Salvo para matar, al comienzo de su mandato Drácula se mostró sin máscara. Sin máscara, su gobierno dependió —directamente— de la asesoría de Norteamérica, y del Fondo Monetario Internacional (FMI), con una participación activa del agente de la CIA el ex capitán Vladimiro Montesinos. Sin máscara, en 1992 —mediante la violencia y con la ayuda de las Fuerzas Armadas— disolvió el Parlamento y suspendió el Poder Judicial, en lo que se conoce como «autogolpe»; y aprobó una nueva constitución, que le dio la suma de poder.
Terminó con el grupo ciertamente terrorista «Sendero Luminoso»; y también con el Movimiento Revolucionario Túpac Amaru (MRTA), de muy distinto origen y objetivos que Sendero. No, no «terminó»: exterminó a los integrantes, a fuego abierto, mediante torturas sofisticadísimas y desaparición forzada. El terror de Estado, en lugar de la Justicia. Y mientras seguía su siembra de muerte, ganó de nuevo las elecciones en 1995 frente al ex Secretario General de las Naciones Unidas, Javier Pérez de Cuéllar.

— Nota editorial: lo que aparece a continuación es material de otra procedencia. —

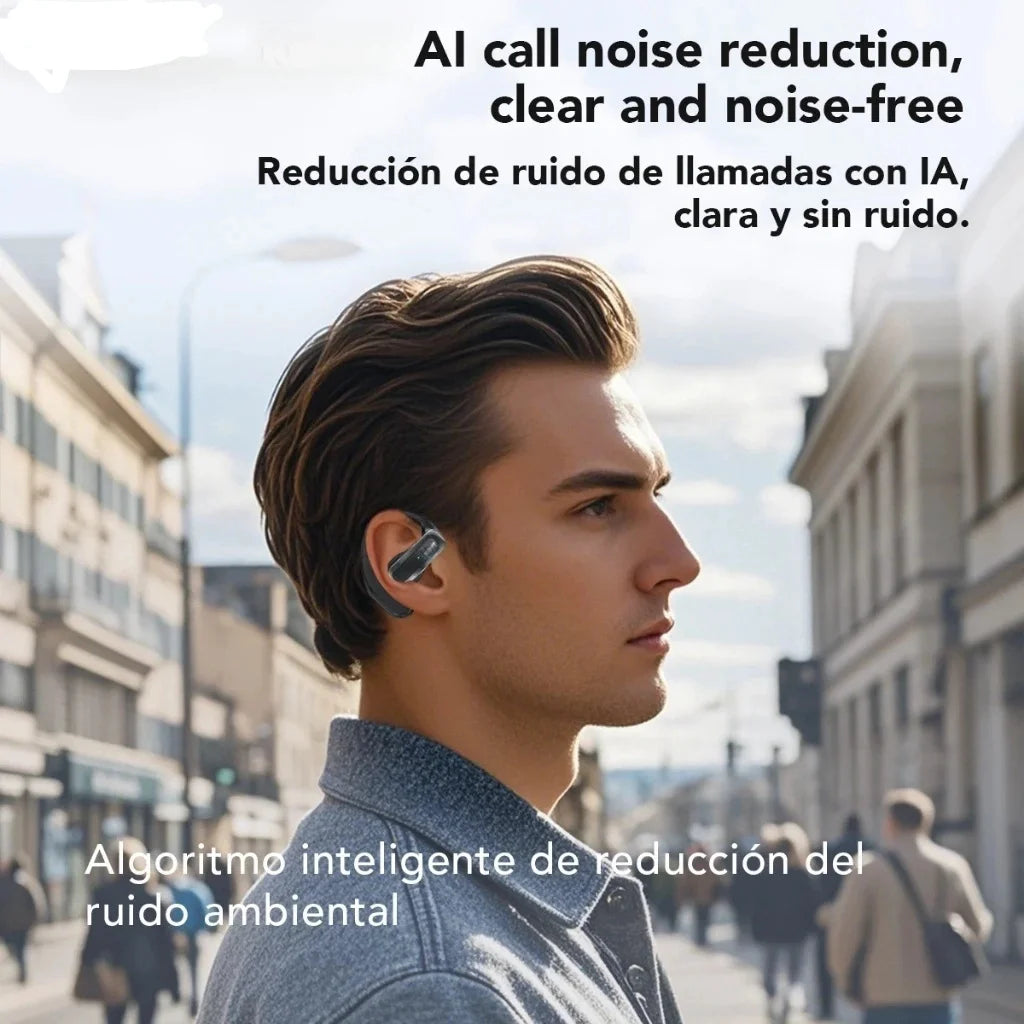 AI Wireless Bluetooth Open Headset V5.4 AI Headphones with Mic Gaming Earbuds HiFi Sports Noise Reduction Waterproof Earphones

Le llegó el final, ¿el final?

Fue recién a fines de los ’90 que la ciudadanía comenzó a despertar; a descubrir la corrupción y la crueldad. En 2000 «Chinchonet» ganó de nuevo la presidencia, pues su opositor, Alejandro Toledo, se retiró sin participar de la segunda vuelta electoral. Y todo se precipitó. A través de un video, salieron a la luz infinitos actos de su perenne corrupción. Entonces el valiente Drácula, a quien no le había temblado la mano para las órdenes de asesinar, huyó. Y entonces, el Japón, y entonces, su renuncia por fax. Atrás había quedado también —se había salvado— Susana Higuchi, torturada por orden de su esposo siempre bestial. Y de los cuatro hijos de la pareja, él no ve sino por los ojos de una ellos, Keiko, su bibelot.
En 2006 Fujimori se casó con la poderosa empresaria nipona —propietaria de hoteles y campos de golf— Satomi Kataoka, hoy 42 años, para asegurarse de no ser rechazado en el país de su sangre oriental. El matrimonio se hizo legal a las tres de la madrugada y en ausencia.
—«Yo siento que eres parte de mi destino. Quiero casarme contigo», dijo entonces el actual presidiario a su japonesa.
— «Él me dice que me ama, y yo también lo amo, pero lo admiro más como ser humano. Fujimori llenó un vacío en mi corazón y fue él quien me salvó espiritualmente. Él me brindó cariño y calor humano», dijo la japonesa, sobre su peruano-japonés. Ahora Kataoka ve a Fujimori como un Cristo que está siendo sacrificado, y al juez y al fiscal como demonios.
Demonio «Chinchonet»:
La madre de sus hijos fue vendada, encapuchada, sometida a electroshock y torturada hasta casi morir.
—«Cuando estemos lejos, si se siente solo, que se lleve a mi perro», había reído la japonesa.
Hoy nadie ladra en la prisión del Drácula del Perú, pero la justicia universal clama por escuchar el aullido enjaulado de Alan García Pérez, para que Nunca Más.

*Cristina Castello es poeta y periodista, bilingüe (español-francés) y vive entre Buenos Aires y París.